Instructions for the task:
Leave out any pictures and transcribe all other data below exactly.

━━━━━━━━━━

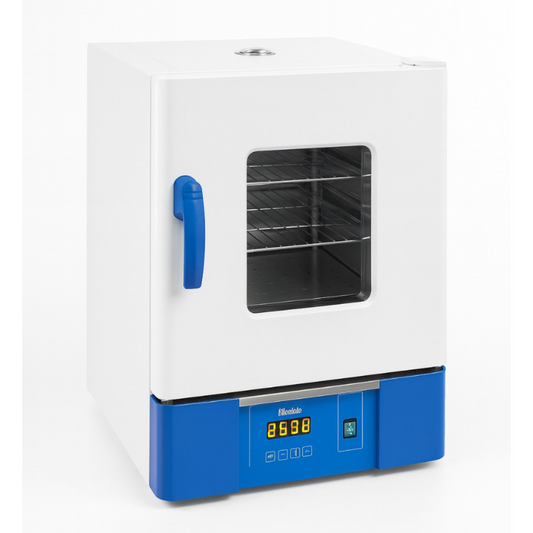 Horno Esterilizador de 30Lts Nahita 632Plus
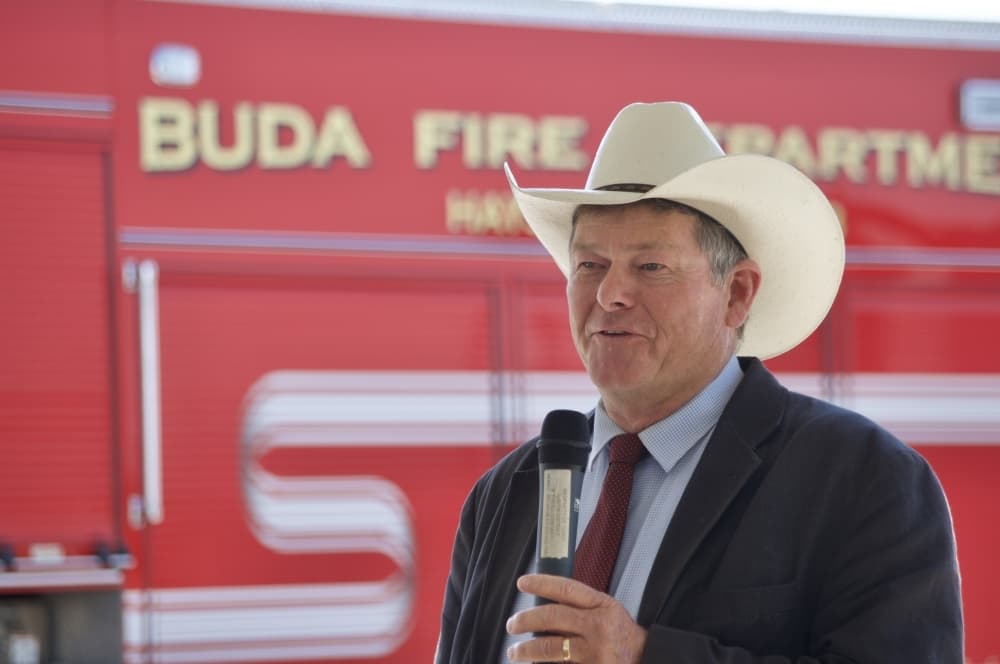 TxDOT breaks ground on Buda's FM 2001 project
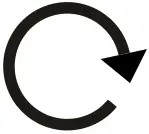 CHIEF FCA624 Fusion Dual Monitor Extension Accessory for XFA1U and XPA1U Carts - Icon 1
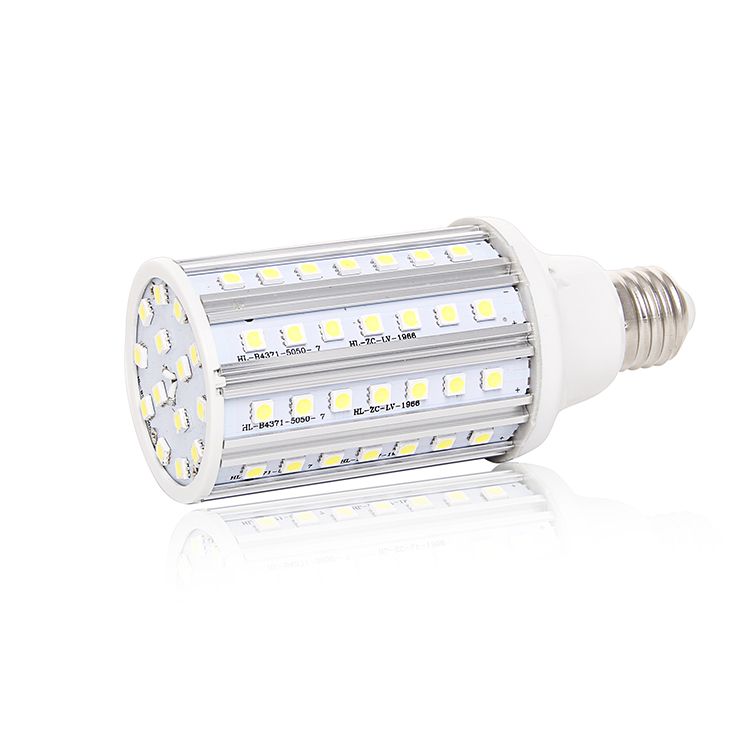 LED玉米灯供应商 15WLED玉米灯，84珠5050贴片LED玉米灯
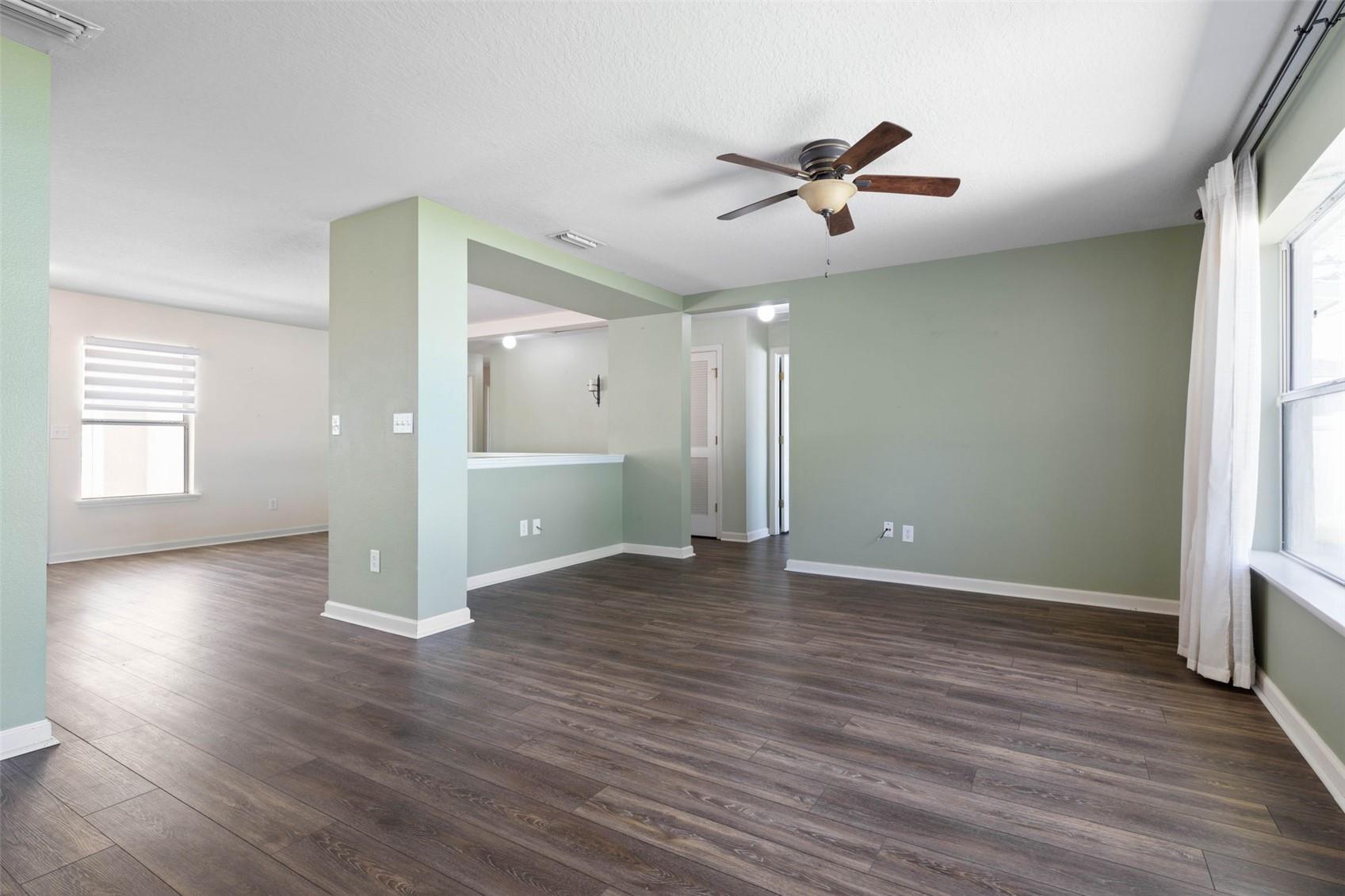 Pine Lakes - Residential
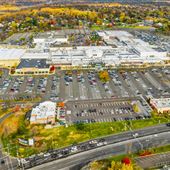 Neshaminy Mall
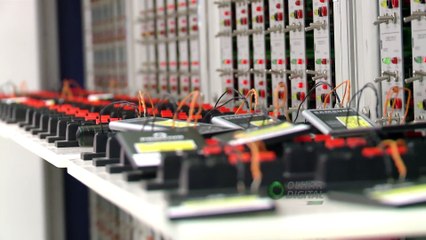 Saiba como é o processo de fabricação de uma bateria de celular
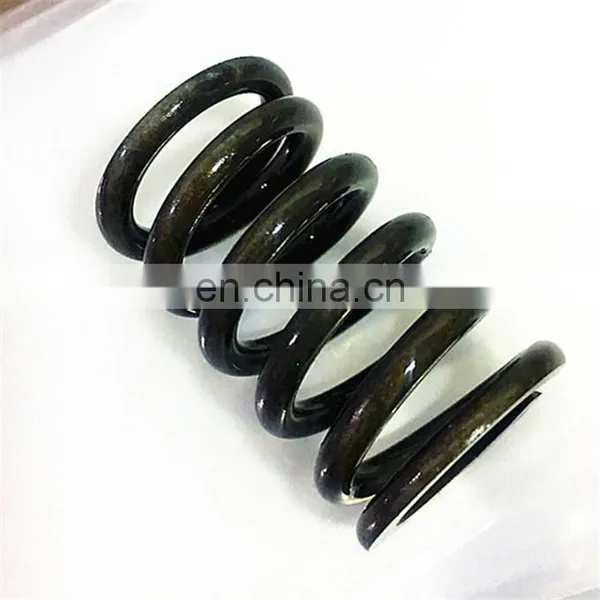 Hot Sell NEW 3.0 DMAX 4JJ1 Cylinder Head With Valves Springs for ISUZU D-MAX Excavator Truck Spring Kits Black Nitride Valves photo-3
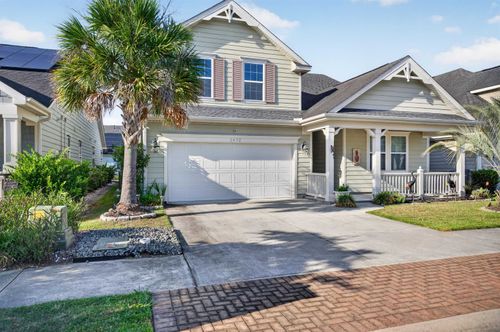 1472 Culbertson Ave, Myrtle Beach, SC, 29577-1998 | Card Image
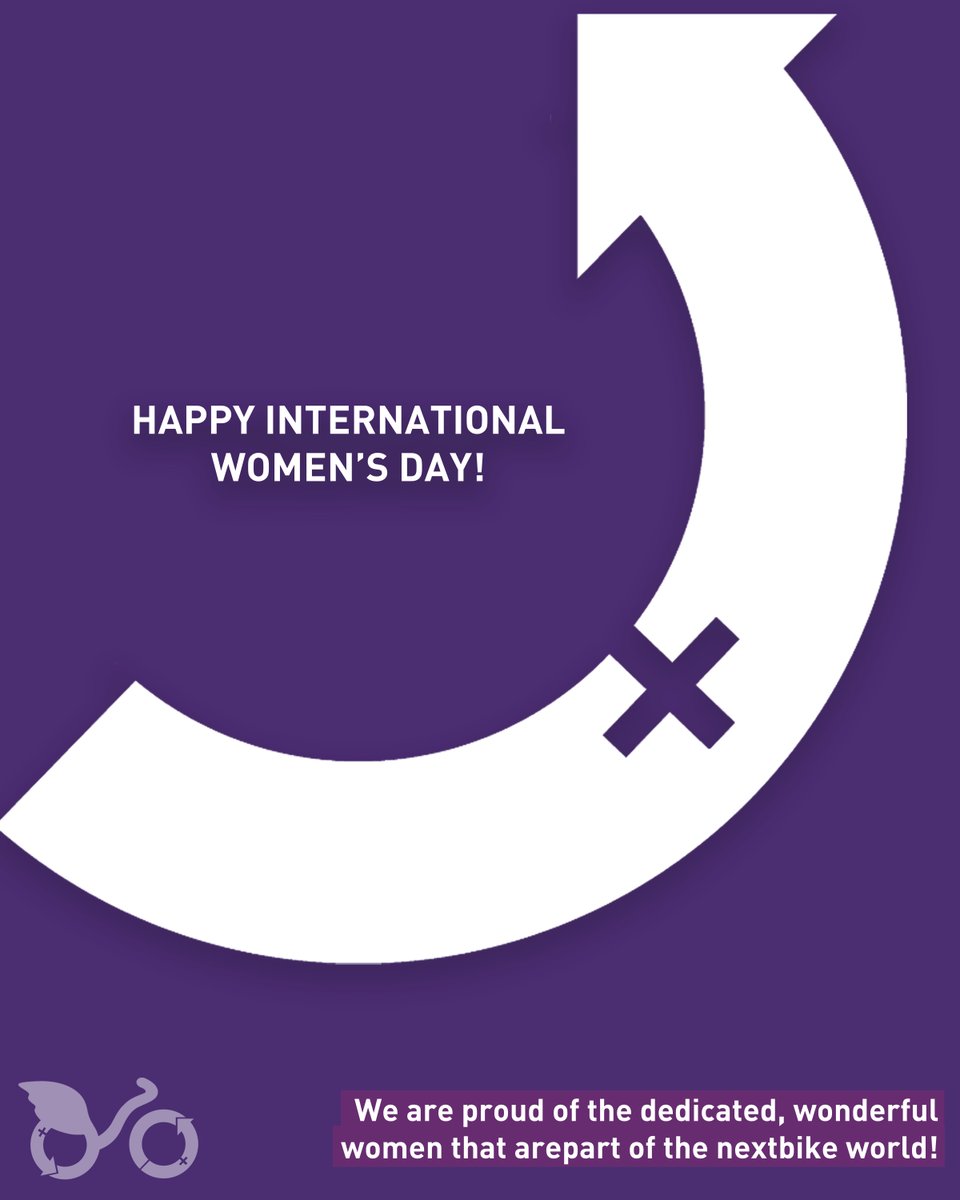 nextbikeUK's tweet photo. We want to encourage all women to cycle this #Internationalwomensday using nextbike! ⭐️Take a look at some of the great women who are part of the nextbike World! Remember to scroll until the last photo to find our special gift to you! Happy cycling! 🚲❤️ #IWD2020 #nextbikeuk https://t.co/tCifthHiBT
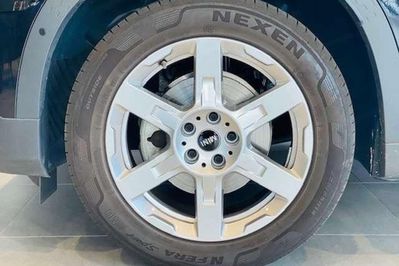 Mini Countryman S ALL4 Linia Essential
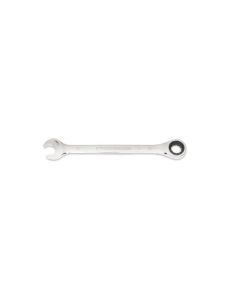 KDT85512D image(0) - GEARWRENCH 12mm 72-Tooth 12 Point Open End Ratcheting Combination Wrench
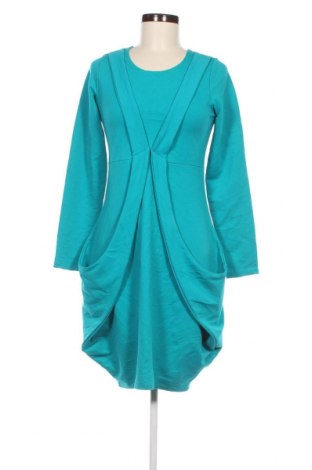 Kleid, Größe S, Farbe Blau, Preis € 8,07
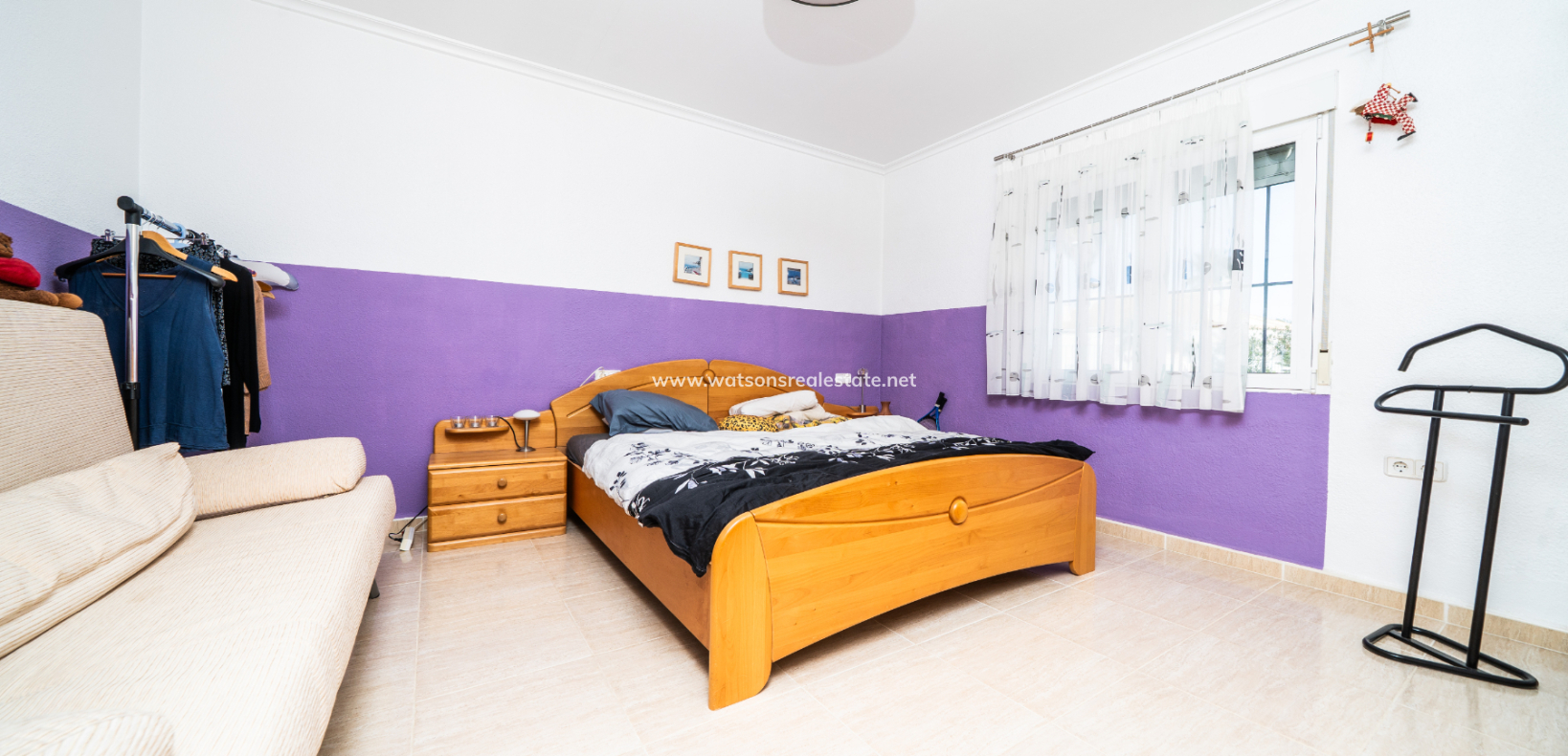 Resale - Freistendhe Villa - Urb. La Marina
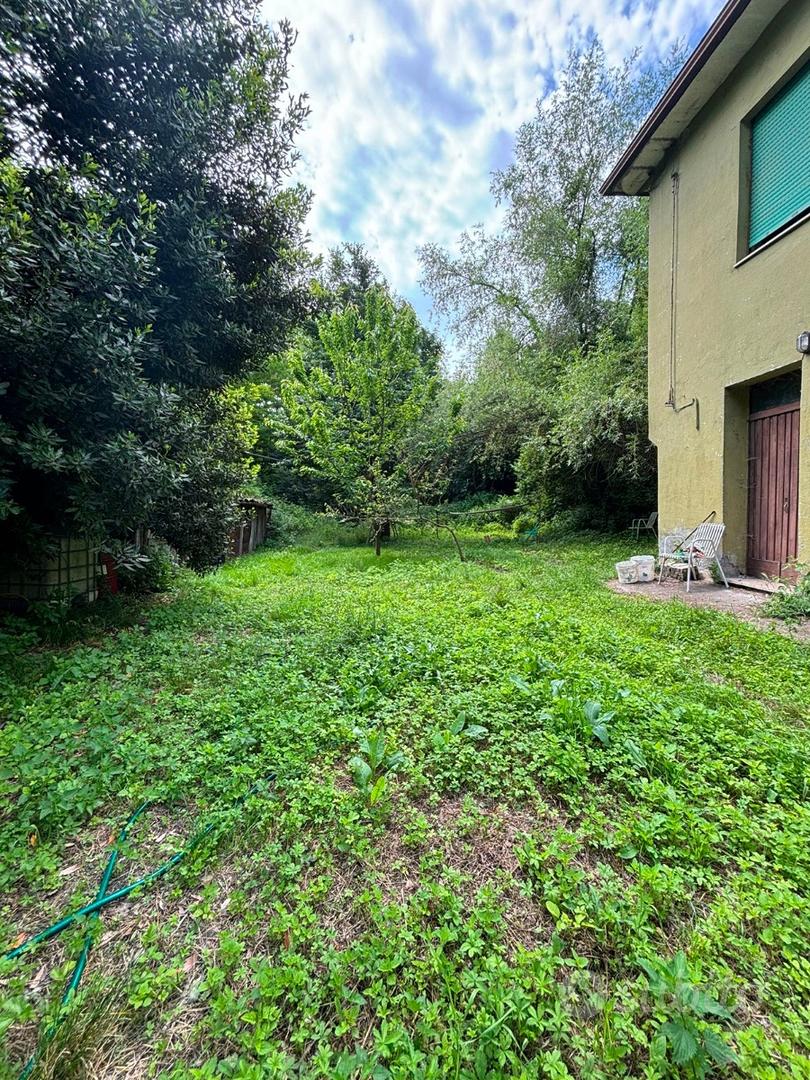 Appartamento – PR - Vista 2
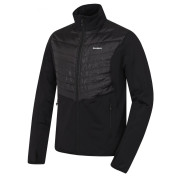 Мъжки суитшърт Husky Airy M черен Black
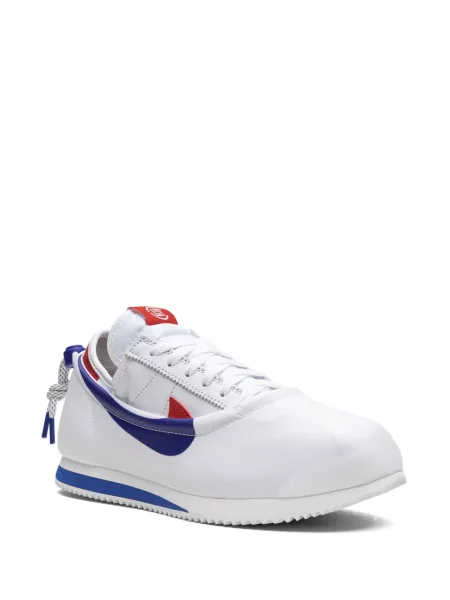 Siuvinėtos sportbačiai Nike Air Max juoda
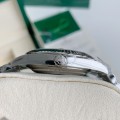 「#2409」Rolex RE Log Men's Watch 41mm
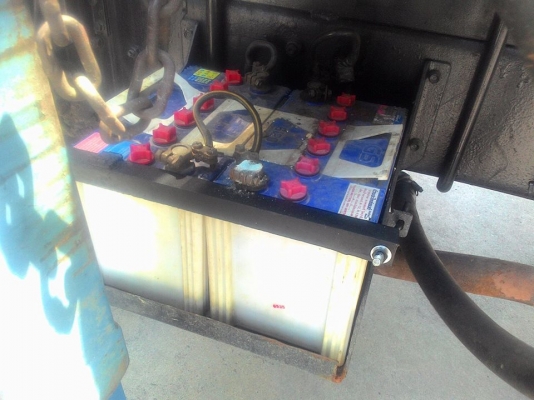 ISUZU ร๊อกกี้ 2534 1991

━━━━━━━━━━

Solution below:
 Horno Esterilizador de 30Lts Nahita 632Plus
 TxDOT breaks ground on Buda's FM 2001 project
 CHIEF FCA624 Fusion Dual Monitor Extension Accessory for XFA1U and XPA1U Carts - Icon 1
 LED玉米灯供应商 15WLED玉米灯，84珠5050贴片LED玉米灯
 Pine Lakes - Residential
 Neshaminy Mall
 Saiba como é o processo de fabricação de uma bateria de celular
 Hot Sell NEW 3.0 DMAX 4JJ1 Cylinder Head With Valves Springs for ISUZU D-MAX Excavator Truck Spring Kits Black Nitride Valves photo-3
 1472 Culbertson Ave, Myrtle Beach, SC, 29577-1998 | Card Image
 nextbikeUK's tweet photo. We want to encourage all women to cycle this #Internationalwomensday using nextbike! ⭐️Take a look at some of the great women who are part of the nextbike World! Remember to scroll until the last photo to find our special gift to you! Happy cycling! 🚲❤️ #IWD2020 #nextbikeuk https://t.co/tCifthHiBT
 Mini Countryman S ALL4 Linia Essential
 KDT85512D image(0) - GEARWRENCH 12mm 72-Tooth 12 Point Open End Ratcheting Combination Wrench
 Kleid, Größe S, Farbe Blau, Preis € 8,07
 Resale - Freistendhe Villa - Urb. La Marina
 Appartamento – PR - Vista 2
 Мъжки суитшърт Husky Airy M черен Black
 Siuvinėtos sportbačiai Nike Air Max juoda
 「#2409」Rolex RE Log Men's Watch 41mm
 ISUZU ร๊อกกี้ 2534 1991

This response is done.